→ Exercise brief
Starting at the first line of the listing below, repeat each line exactly until the line containing "Founder & CEO at LuckyTrip. Views are my own.", which you include. Leave out pictures.

→ The records
────
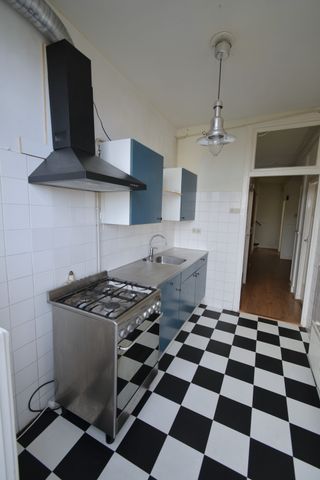 Te huur: Appartement Bergselaan 305 A-03 in Rotterdam - Photo 2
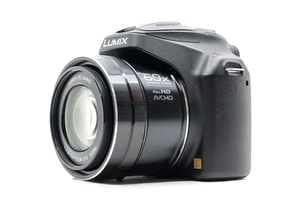 Panasonic Lumix DMC-FZ72
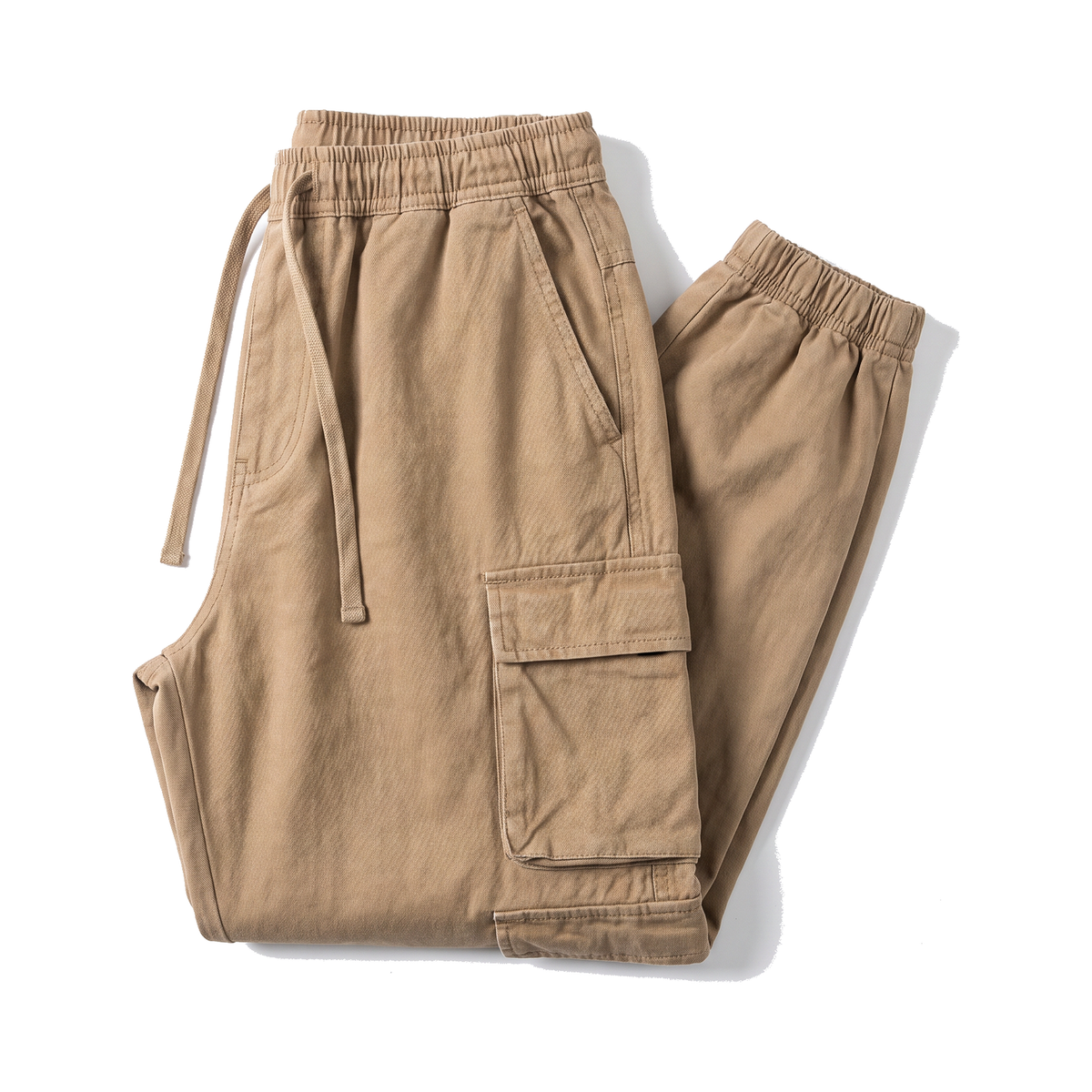 Bergamo Cargo Pants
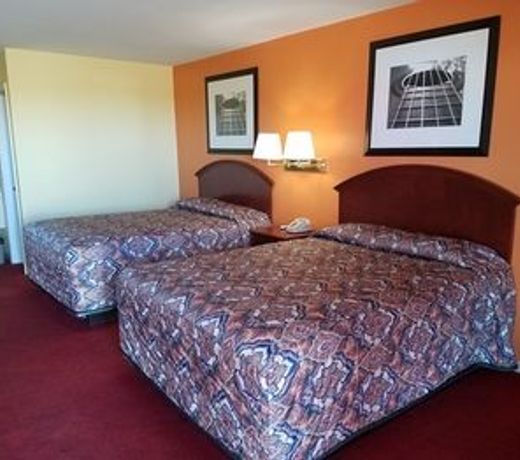 Executive Inn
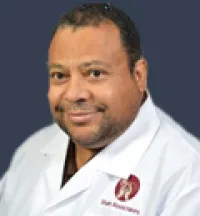 Robert Davison Jr.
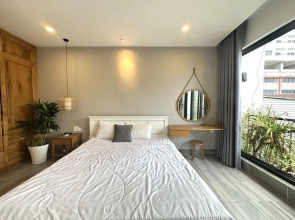 Ho Quy Ly Holiday Apartment for Family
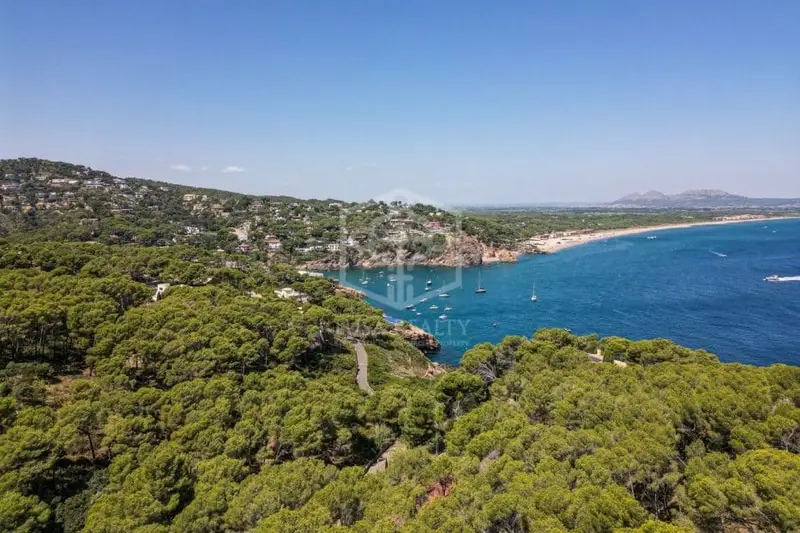 Chalets de Lujo en Venta Begur Costa Brava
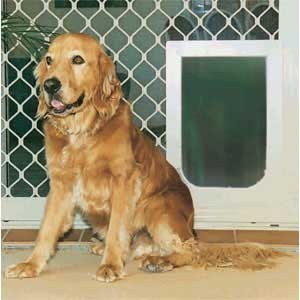 Designed specifically for Insect & Security screen doors.<a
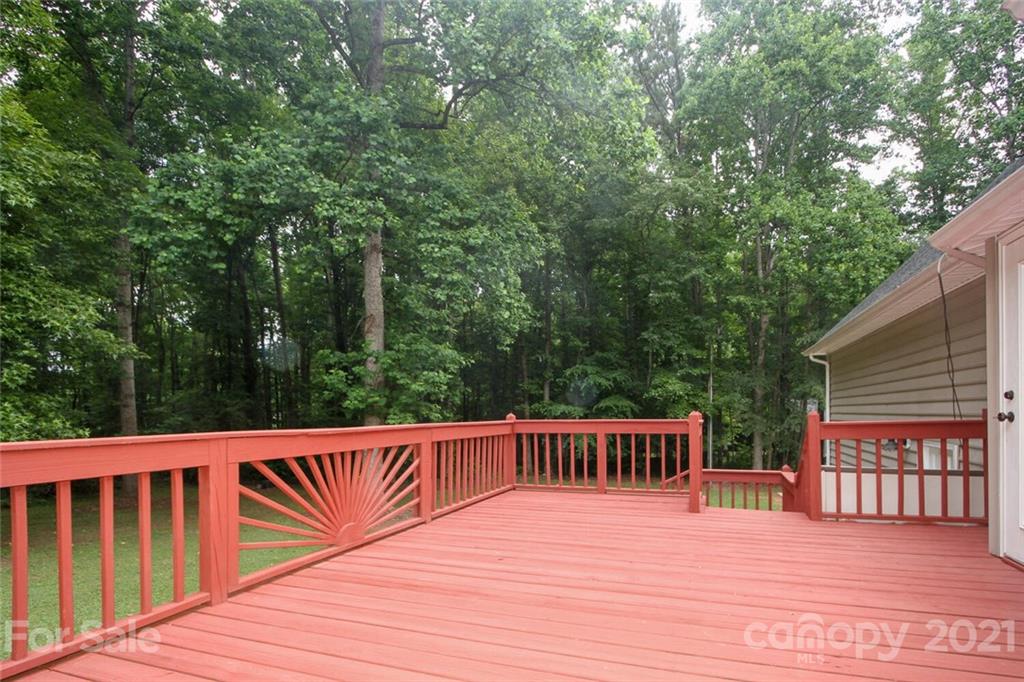 Mt Gallant Farm - Residential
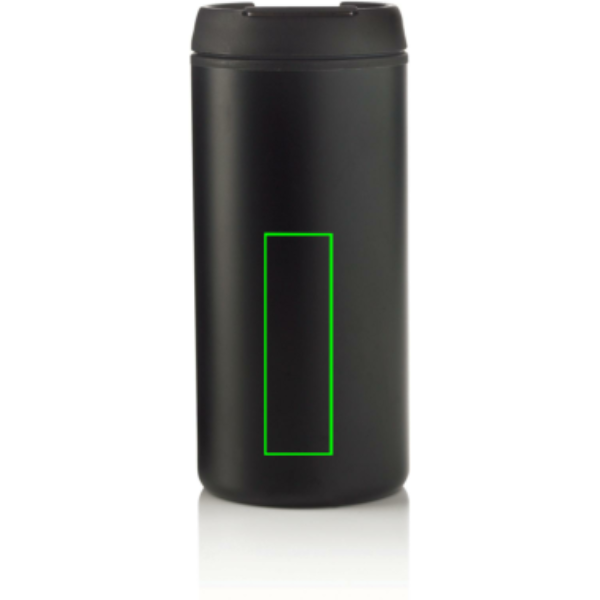 item front down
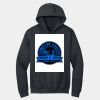 Heavy Blend  Hooded Sweatshirt Thumbnail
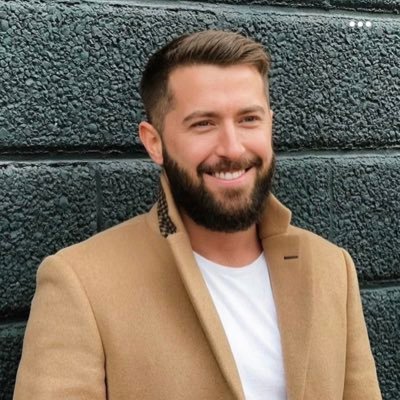 Burns_Tiff's profile picture. Building start-ups, investing & chatting shite. 
Founder & CEO at LuckyTrip. Views are my own.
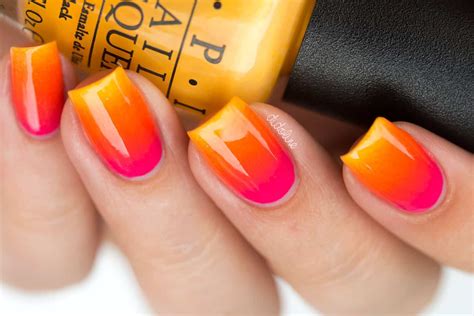 Spring 2021 nail colors in artistic structures. The Best OPI Colors 2021: Top Choice of OPI Nail Colors ...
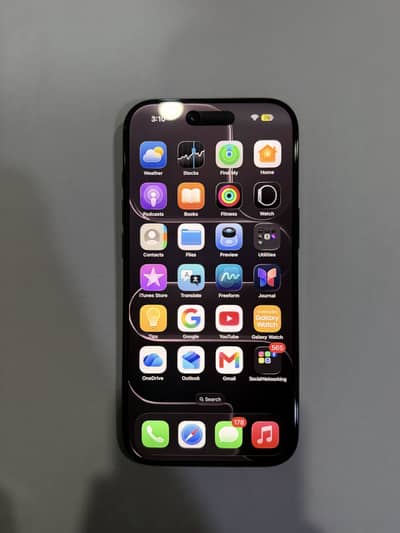 Apple iPhone 17 Air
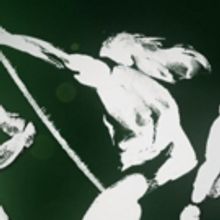 TARZAN THE MUSICAL Comes To Fredericia Theatre Today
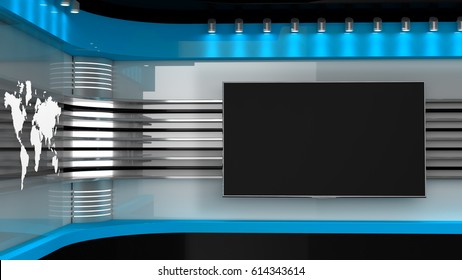 News Backdrop High Res Stock Images Shutterstock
────
→ Solution to this exercise
 Te huur: Appartement Bergselaan 305 A-03 in Rotterdam - Photo 2
 Panasonic Lumix DMC-FZ72
 Bergamo Cargo Pants
 Executive Inn
 Robert Davison Jr.
 Ho Quy Ly Holiday Apartment for Family
 Chalets de Lujo en Venta Begur Costa Brava
 Designed specifically for Insect & Security screen doors.<a
 Mt Gallant Farm - Residential
 item front down
 Heavy Blend  Hooded Sweatshirt Thumbnail
 Burns_Tiff's profile picture. Building start-ups, investing & chatting shite. 
Founder & CEO at LuckyTrip. Views are my own.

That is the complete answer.